The sad thing about the majority of Republicans is they've been hoodwinked into believing the Republican party stands for opportunity, freedom, moral values, hard work and independence - when in fact it stands for none of these. The neo-con agenda is about preserving/restoring the privelige of the elite - and the elite is a tiny percentage of society - max 10% in the US but actually perhaps less than 1%.

Liberalism is by far superior ethically to conservatism since no-one is forced to attend a gay marriage or have premarital sex simply by making them legal and accepted. I have zero objection to a Republican expounding his (or perhaps her) pro-life POV. It is a very understandable conviction to hold. But the battle has been fought and choice has won - so get over it. If you can't agree with abortion under any circumstance - FINE - don't have one or don't perform one if you're a doctor/nurse. Just stay out of the lives of other people - FULL STOP. [Period for those from NA]. This should not be so difficult to grasp really.
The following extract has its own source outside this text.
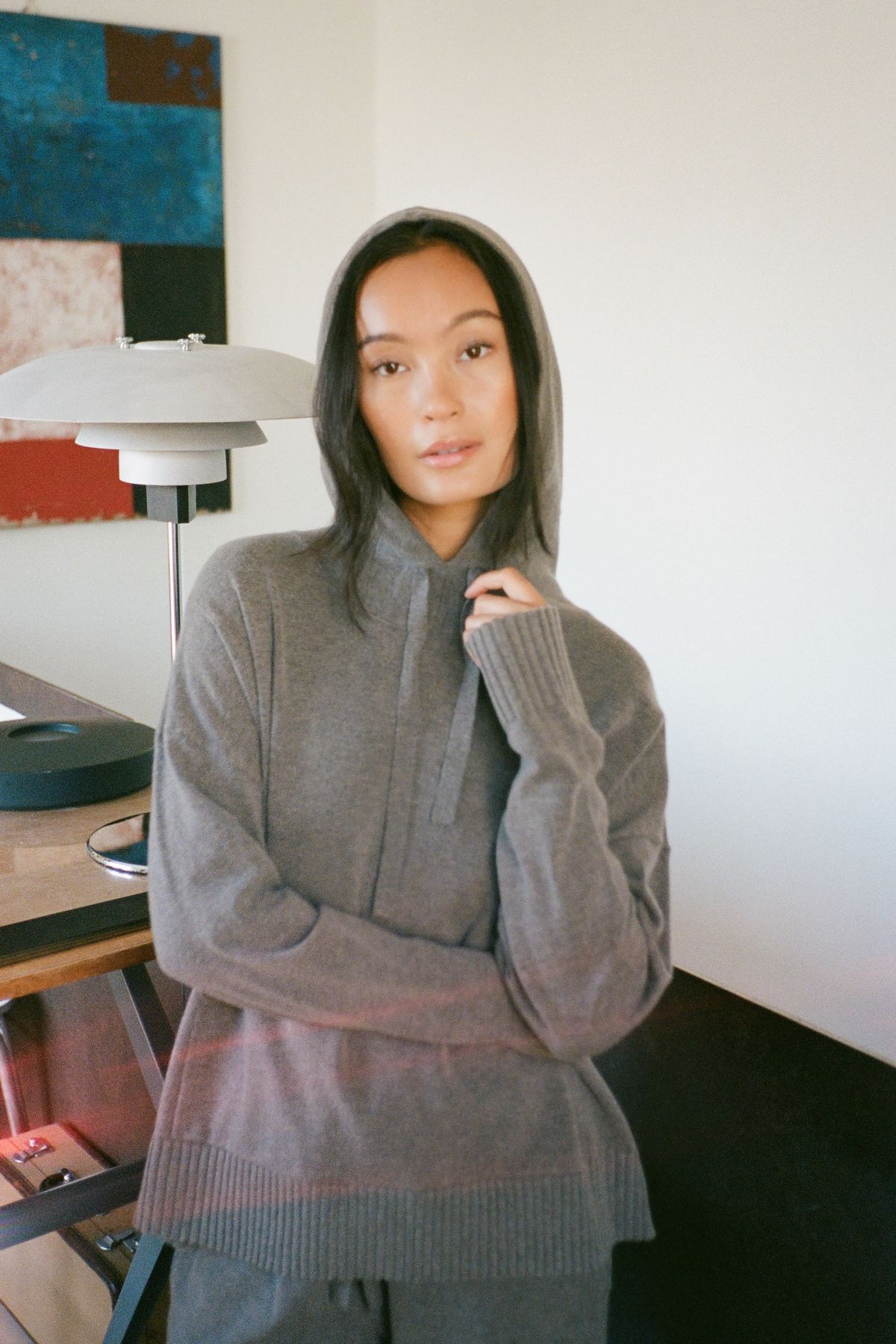 Helena - Knit lounge over size hoodie I Mole melange 1 - Rabens Saloner - DK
I do however take some courage from this election cycle. The tide is really turning. The Republican neocon machine went into overdrive and poured 100s of millions of dollars into it. They lied, cheated, intimidated and fought dirty in every way imaginable. But America didn't fall for it. If you add in the millions of votes suppressed, rejected or from poorer sections of society that just can't get to a polling station and see no point if their state always votes Democratic anyway then I suspect Obama's majority would be 10-15 million. I'm sure some Republicans couldn't bring themselves to vote for Romney too - but overall I think there is evidence that the 90 Million who failed to vote would have split roughly 45 D and 30R with 15m for Green party or something else.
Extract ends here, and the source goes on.